I made mine out of 3/16" x one inch flat bar stock with three holes drilled in it and roll pins driven through the holes to "grab" the string.


----------



## Huntinsker (Feb 9, 2012)

This is what I came up with after about 15 minutes wandering around Home Depot. It was cheap but if I were to do it again, I would have made it out of heavier material. It works well though.


----------



## Huntinsker (Feb 9, 2012)

glrjola4 said:


> when u say "serve at higher tension" .... how many pounds on the serving device ???


According to my scale, 6-7 lbs.


----------



## glrjola4 (Feb 2, 2006)

thanks.. almost the same i always use around 8 !!


----------



## dwagoner (Sep 27, 2007)

I wonder what all the people with auto servers use??????


----------



## b0w_bender (Apr 30, 2006)

here is the one Hutch built and posted on the DIY forum
http://www.archerytalk.com/vb/showthread.php?t=1796865


----------



## brandonlw (Feb 23, 2011)

I've got a identical setup as hutch's and it works pretty good


----------



## kiwitahi (Dec 11, 2011)

glrjola4 said:


> thanks.. almost the same i always use around 8 !!

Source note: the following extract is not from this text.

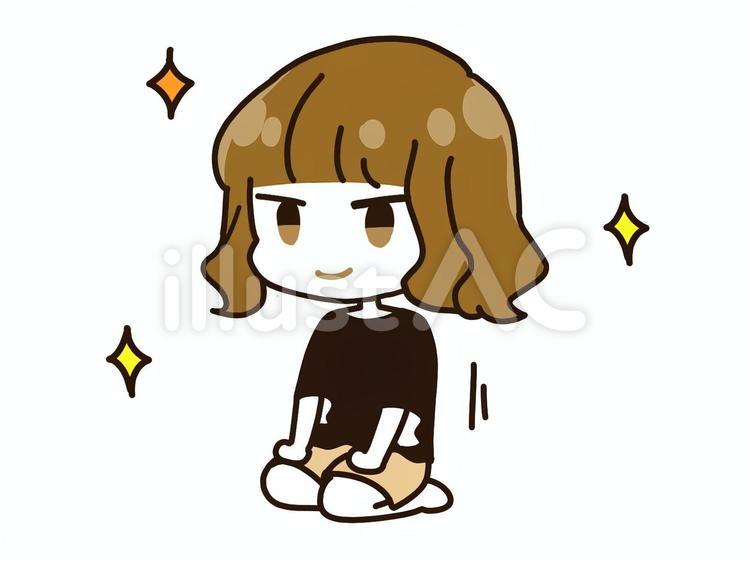 姿勢がいい　正座 正座,座る,キラキラのイラスト素材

8lbs ?..... I would think that would literally strangle the livin ba jesoos out of the strings I build, let alone twist the poop right out of them? I must be missing something. no offence intended! Just asking?


----------



## Purka (Sep 8, 2004)

I use a set of nock pliers ground down with a 1/2" length of clear plastic tubing with a split.


----------



## redyak3 (Nov 5, 2011)

Great info!!! In the process of making automan's "El Cheapo Deluxe". All the info is greatly appreciated!


----------



## Deer Eliminator (Jan 21, 2010)

Hey, my name is being mentioned and my ears were itching. :mg: 
Huntinsker Looks good! Helps out a lot on longer strings. I like the idea of not having to hold the strings while using a Nw spinner. I modified my Nw spinner and I use an electric drill and in 50 seconds I can do 20 inches of serving. That's moving really fast and its really smooth. 



Hutch


----------



## Vortex69 (Jul 8, 2007)

Here's a simple one. Spring loaded clamp that rotates on a dowel, corrigated rubber that contacts the string and, a plastic thumb nut with a hole to accomodate an allen wrench.


----------



## Huntinsker (Feb 9, 2012)

Thanks Deer Eliminator. It does help a lot on the longer stuff. I also put it on the outside of my posts and have it hold my tag ends while laying out my bundles. Works great for both purposes. Vortex69 those are sweet. Super simple and I bet very effective.


----------



## flag (Oct 4, 2009)

With and a server that spins the string you dont have the problems that you have when you spin the tool around the string.with my htm i can serve at a lot more tension on the tool than i could when i was spinning the tool around the string


dwagoner said:


> I wonder what all the people with auto servers use??????


----------



## WVaBuckHunter (Sep 30, 2010)

I use these:

http://www.lowes.com/pd_96054-281-5...1&currentURL=?Ntt=irwin+quick+grip&facetInfo=


----------



## dwagoner (Sep 27, 2007)

flag said:


> With and a server that spins the string you dont have the problems that you have when you spin the tool around the string.with my htm i can serve at a lot more tension on the tool than i could when i was spinning the tool around the string


ya i have server too....done with hand spinning serving forever THANKFULLY..... HA


----------



## bucks/bulls (May 23, 2010)

I built a set like hutches and must say of the different servers and ideas I've tried, the posts helped me the most...go figure the cheapest thing I use works the best lol...an auto twister/server would be nice but I just can't seem to pry my money outta my wifes grasp to get one...I am however looking at getting a viperx moto server...I used a friends a lil while back and these lil things are the cream of the crop compared to other moto servers...as for now the lil jon winder is my goto server,and combined with the posts at each end its almost unbeatable imho...


----------



## BDZ65 (May 20, 2004)

I have built strings on our new HTM's @ 8 lbs serving tension, 300-350 lbs. string tension and 2000 RPM and have absolutely no issues!


----------